## [Task requirements]
Among the entries below, find the line with "Today's goal is" and the line with "Welcome to Write". Return exactly those lines and every line between them, but no pictures.

Data listing Block Start

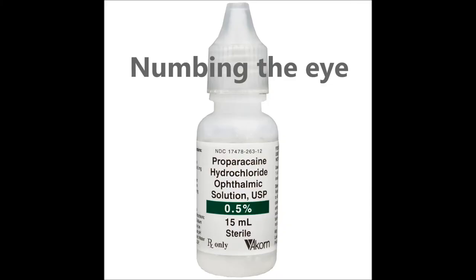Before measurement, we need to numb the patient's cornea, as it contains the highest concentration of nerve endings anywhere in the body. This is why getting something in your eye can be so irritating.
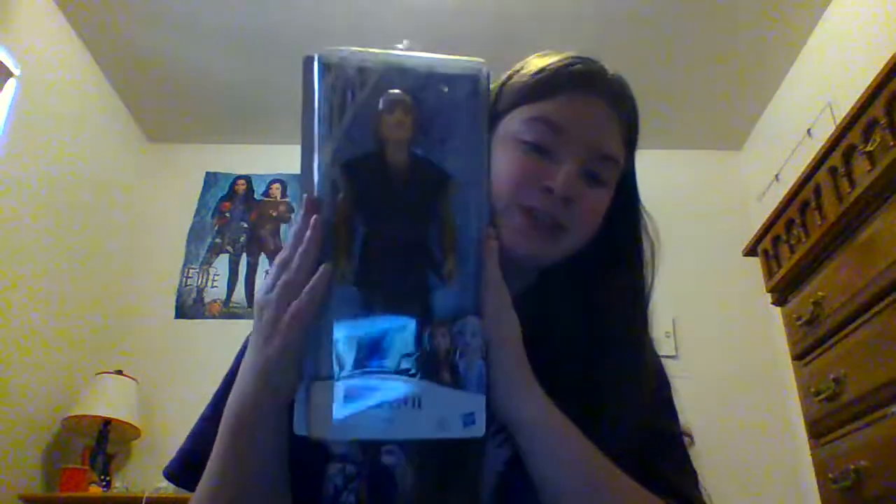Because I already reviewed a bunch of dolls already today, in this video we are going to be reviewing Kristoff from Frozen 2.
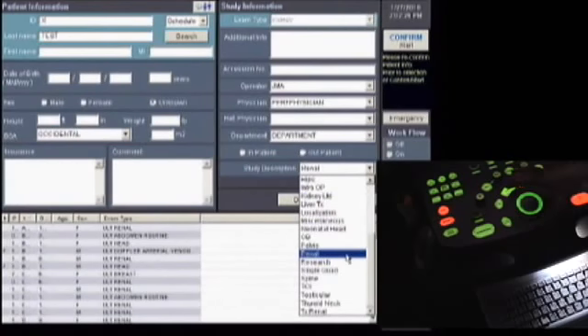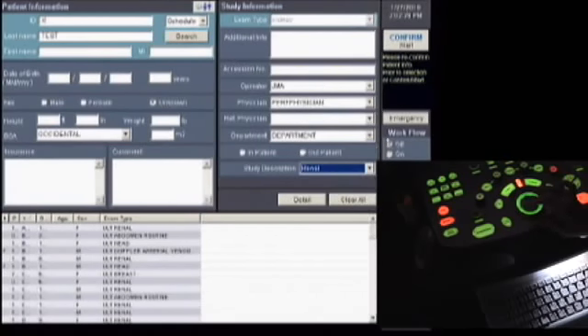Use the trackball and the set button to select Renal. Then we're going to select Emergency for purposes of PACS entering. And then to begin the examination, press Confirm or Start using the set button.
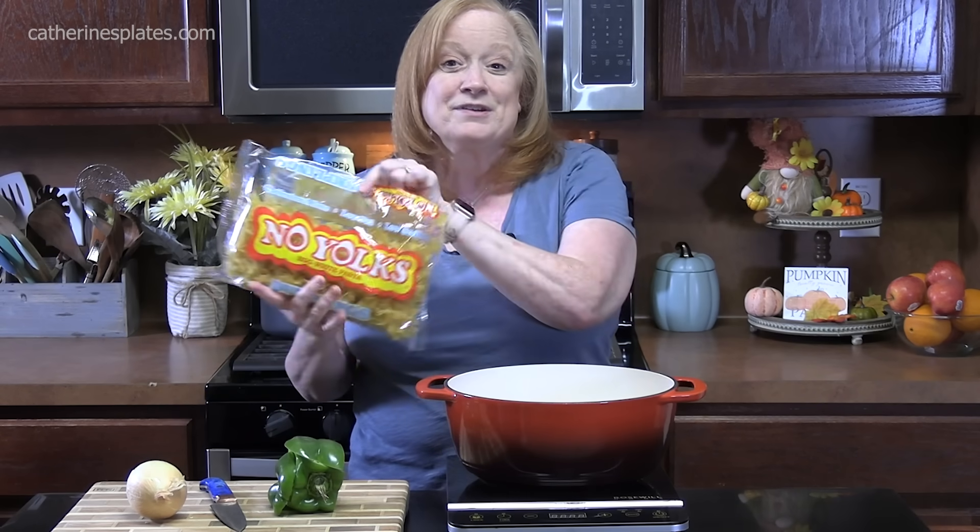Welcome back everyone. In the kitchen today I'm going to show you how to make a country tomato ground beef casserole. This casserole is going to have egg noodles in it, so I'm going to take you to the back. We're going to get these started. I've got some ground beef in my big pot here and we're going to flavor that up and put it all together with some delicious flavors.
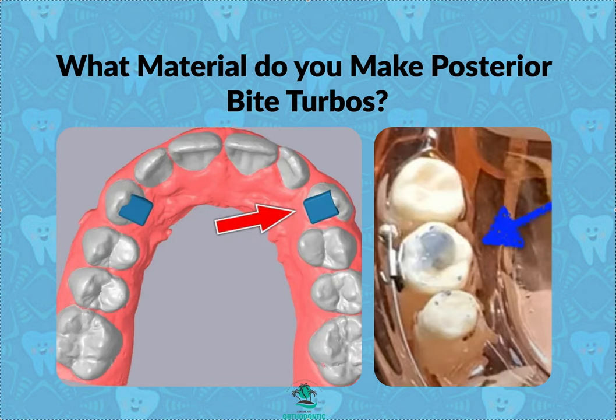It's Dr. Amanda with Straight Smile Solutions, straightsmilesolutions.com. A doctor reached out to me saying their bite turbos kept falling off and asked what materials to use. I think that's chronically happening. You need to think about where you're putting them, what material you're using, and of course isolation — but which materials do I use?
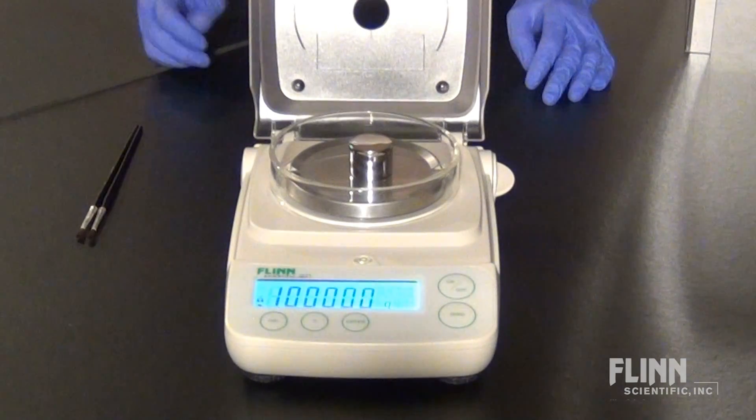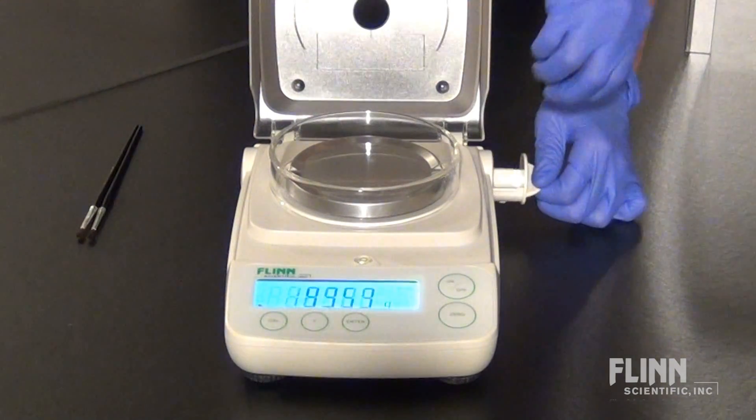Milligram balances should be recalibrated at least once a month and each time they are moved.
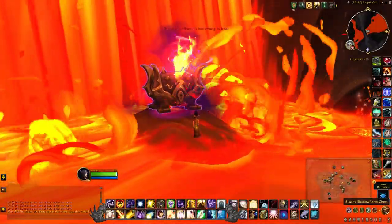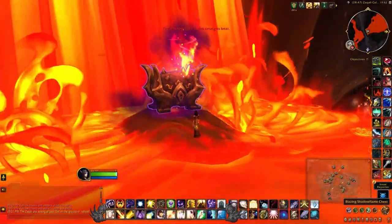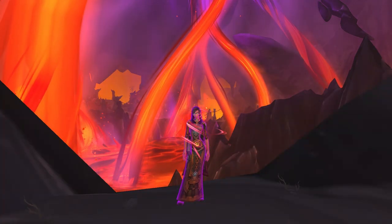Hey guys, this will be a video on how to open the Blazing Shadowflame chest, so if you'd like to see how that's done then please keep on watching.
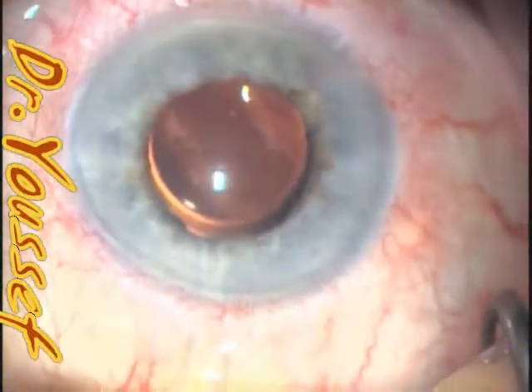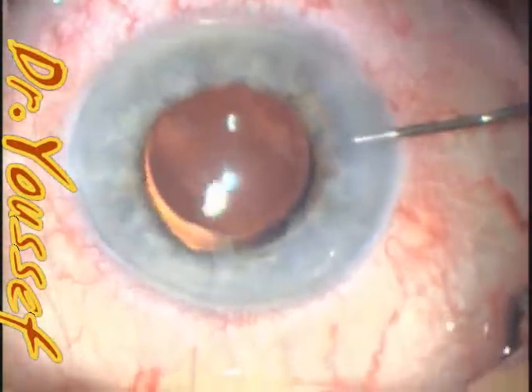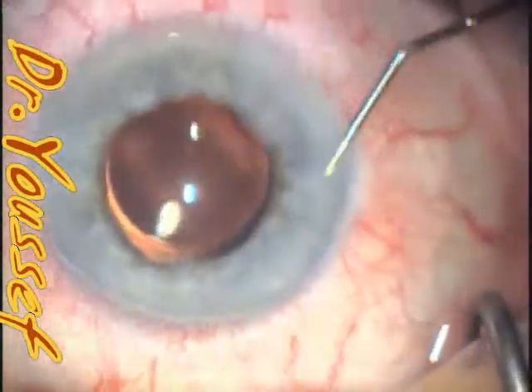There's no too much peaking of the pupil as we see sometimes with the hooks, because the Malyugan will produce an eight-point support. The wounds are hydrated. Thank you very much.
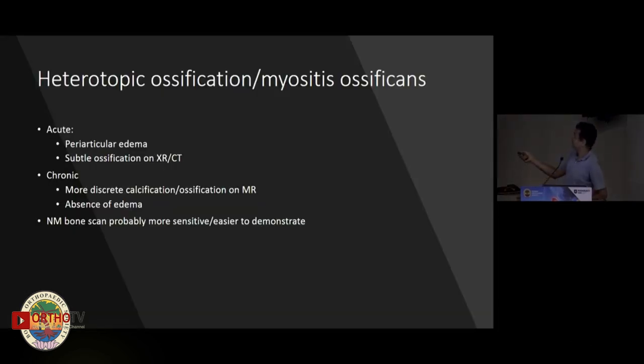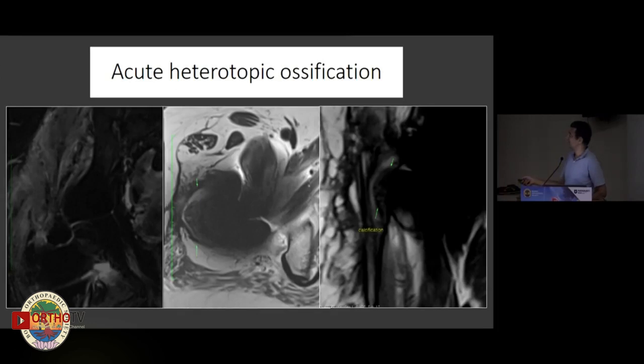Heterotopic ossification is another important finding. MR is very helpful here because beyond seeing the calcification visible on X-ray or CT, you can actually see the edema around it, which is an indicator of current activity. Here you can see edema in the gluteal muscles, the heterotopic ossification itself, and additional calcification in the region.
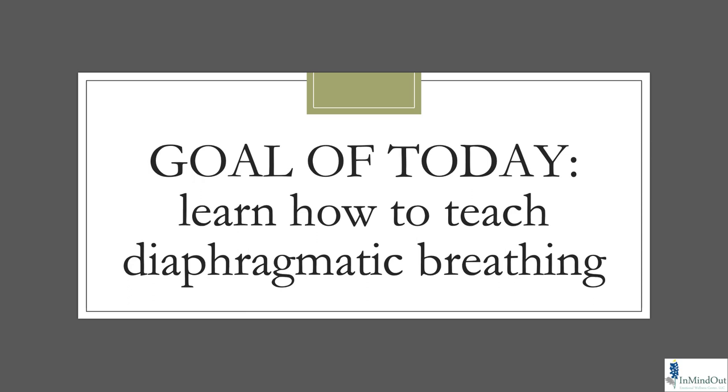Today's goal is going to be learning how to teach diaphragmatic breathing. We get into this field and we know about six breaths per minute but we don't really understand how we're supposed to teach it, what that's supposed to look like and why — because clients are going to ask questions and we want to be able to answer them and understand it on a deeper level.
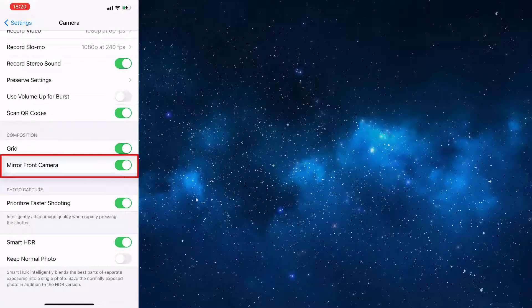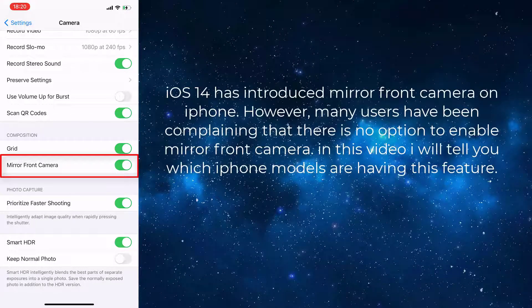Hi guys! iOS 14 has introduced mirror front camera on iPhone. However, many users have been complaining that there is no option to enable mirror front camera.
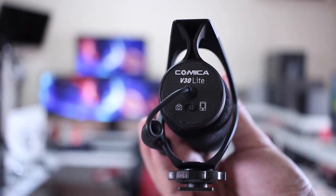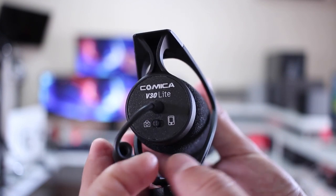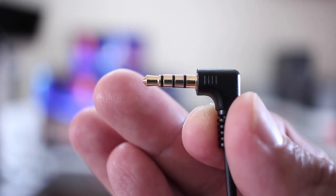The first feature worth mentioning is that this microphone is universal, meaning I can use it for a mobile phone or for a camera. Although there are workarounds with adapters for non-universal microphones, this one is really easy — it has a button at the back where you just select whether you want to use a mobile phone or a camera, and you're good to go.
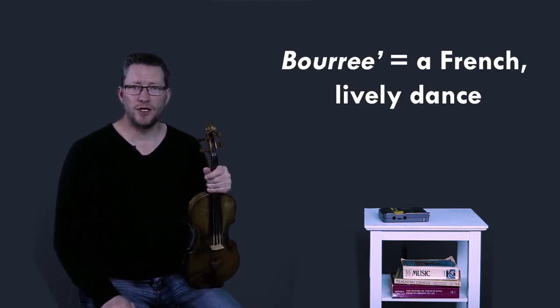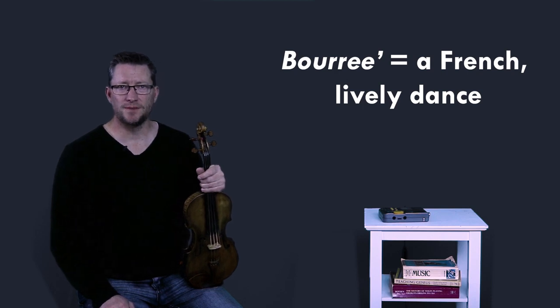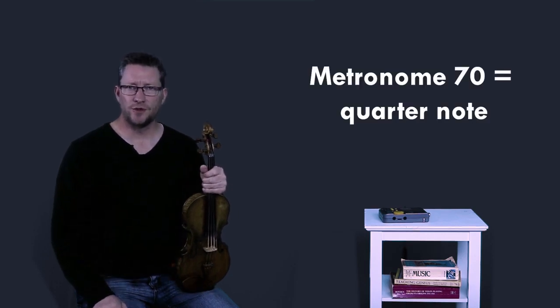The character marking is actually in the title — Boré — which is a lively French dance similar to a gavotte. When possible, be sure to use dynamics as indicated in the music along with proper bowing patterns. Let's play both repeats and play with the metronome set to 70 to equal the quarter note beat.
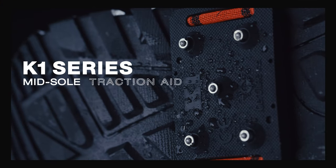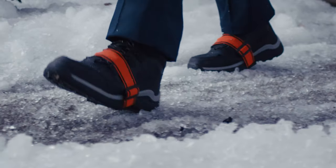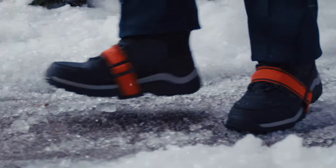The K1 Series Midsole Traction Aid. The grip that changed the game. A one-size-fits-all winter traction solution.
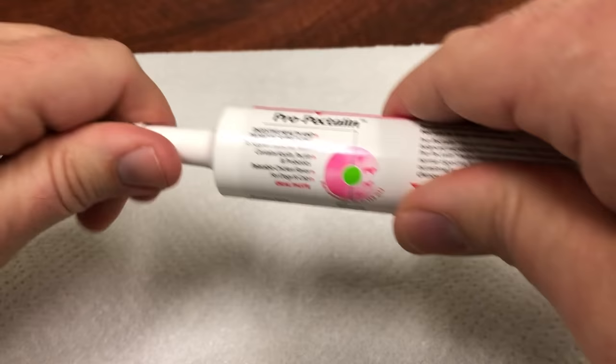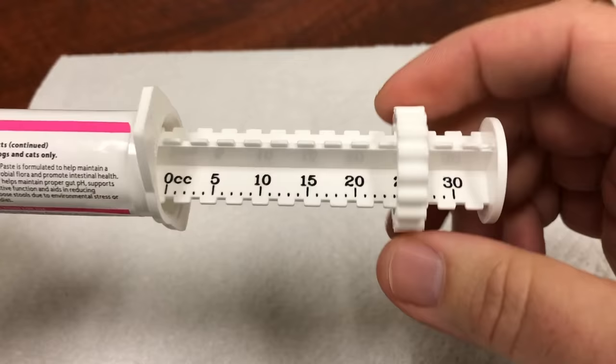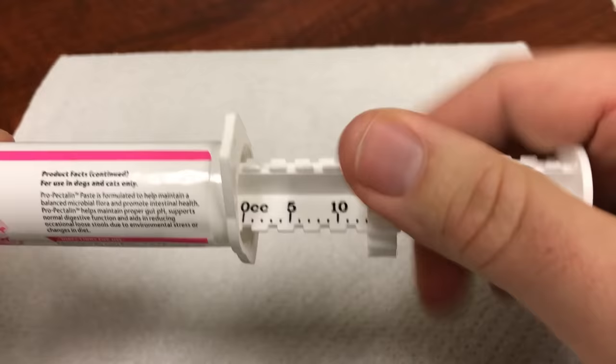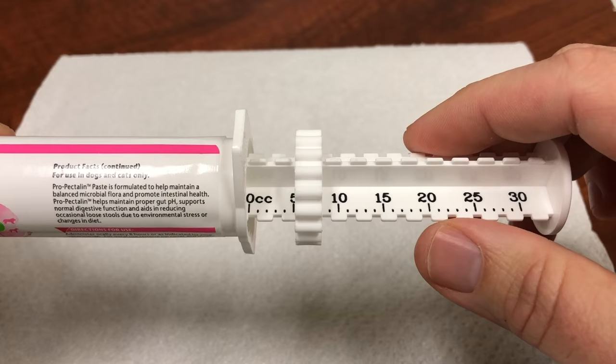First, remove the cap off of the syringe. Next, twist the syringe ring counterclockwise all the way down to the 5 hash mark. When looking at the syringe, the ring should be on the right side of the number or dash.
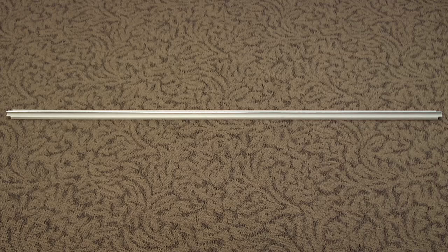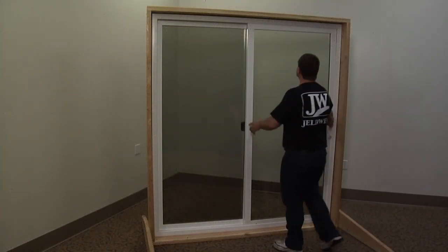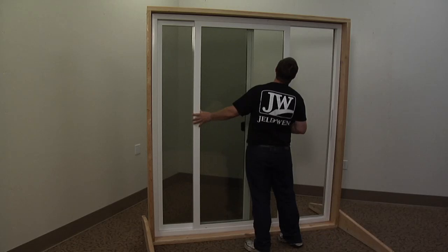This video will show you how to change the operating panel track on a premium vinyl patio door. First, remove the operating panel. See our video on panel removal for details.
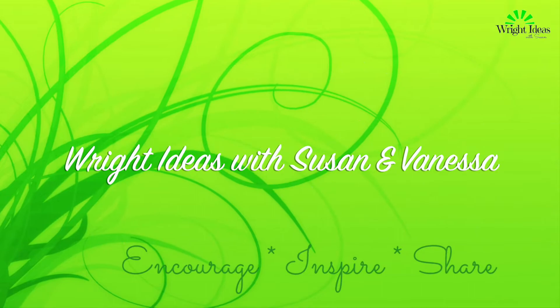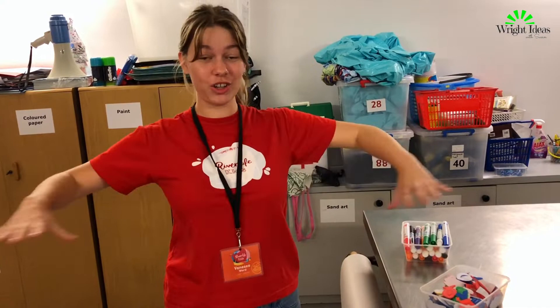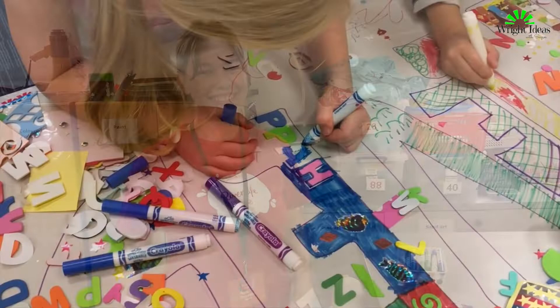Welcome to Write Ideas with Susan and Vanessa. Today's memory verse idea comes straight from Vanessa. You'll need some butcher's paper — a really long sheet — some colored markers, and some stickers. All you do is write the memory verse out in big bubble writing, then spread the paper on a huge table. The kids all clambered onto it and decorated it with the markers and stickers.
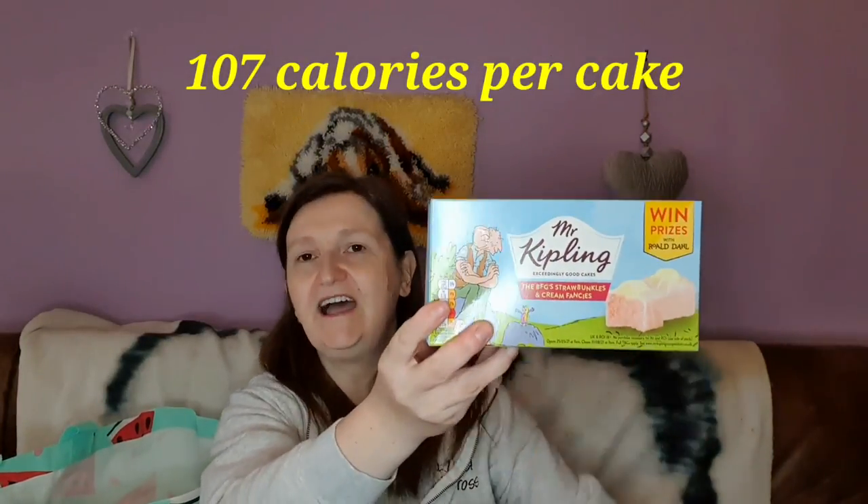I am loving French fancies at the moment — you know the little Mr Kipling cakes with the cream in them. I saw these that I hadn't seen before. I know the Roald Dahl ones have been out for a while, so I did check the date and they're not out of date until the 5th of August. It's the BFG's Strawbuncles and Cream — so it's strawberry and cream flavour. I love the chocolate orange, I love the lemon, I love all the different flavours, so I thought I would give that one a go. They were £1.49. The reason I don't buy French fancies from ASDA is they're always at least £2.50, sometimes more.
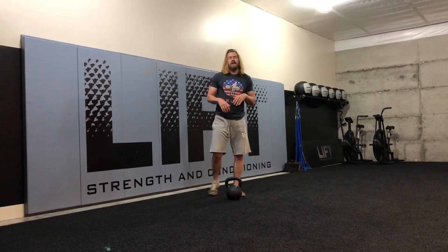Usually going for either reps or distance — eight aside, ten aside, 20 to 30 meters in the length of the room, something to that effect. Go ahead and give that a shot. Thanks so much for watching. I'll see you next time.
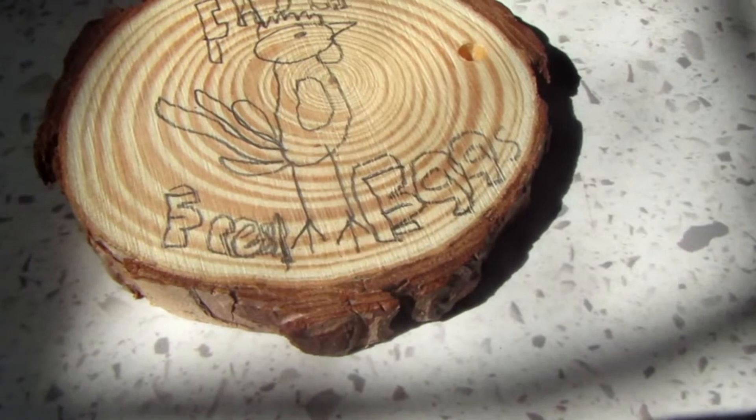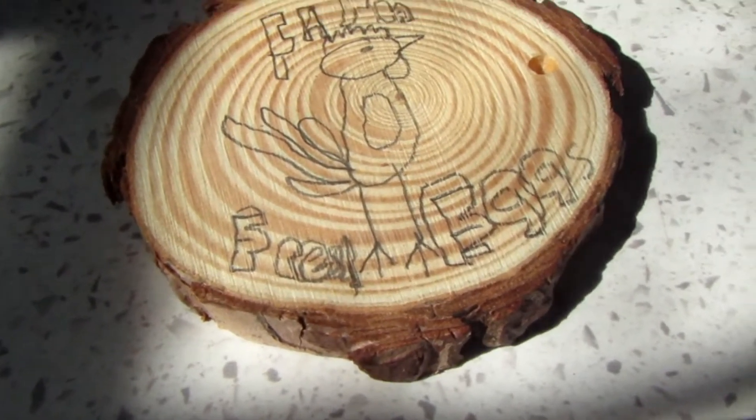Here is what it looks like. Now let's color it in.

Data listing Block End

## [Solution to the problem]
Today's goal is going to be learning how to teach diaphragmatic breathing. We get into this field and we know about six breaths per minute but we don't really understand how we're supposed to teach it, what that's supposed to look like and why — because clients are going to ask questions and we want to be able to answer them and understand it on a deeper level.
Hi guys! iOS 14 has introduced mirror front camera on iPhone. However, many users have been complaining that there is no option to enable mirror front camera.
The first feature worth mentioning is that this microphone is universal, meaning I can use it for a mobile phone or for a camera. Although there are workarounds with adapters for non-universal microphones, this one is really easy — it has a button at the back where you just select whether you want to use a mobile phone or a camera, and you're good to go.
The character marking is actually in the title — Boré — which is a lively French dance similar to a gavotte. When possible, be sure to use dynamics as indicated in the music along with proper bowing patterns. Let's play both repeats and play with the metronome set to 70 to equal the quarter note beat.
The K1 Series Midsole Traction Aid. The grip that changed the game. A one-size-fits-all winter traction solution.
First, remove the cap off of the syringe. Next, twist the syringe ring counterclockwise all the way down to the 5 hash mark. When looking at the syringe, the ring should be on the right side of the number or dash.
This video will show you how to change the operating panel track on a premium vinyl patio door. First, remove the operating panel. See our video on panel removal for details.
Welcome to Write Ideas with Susan and Vanessa. Today's memory verse idea comes straight from Vanessa. You'll need some butcher's paper — a really long sheet — some colored markers, and some stickers. All you do is write the memory verse out in big bubble writing, then spread the paper on a huge table. The kids all clambered onto it and decorated it with the markers and stickers.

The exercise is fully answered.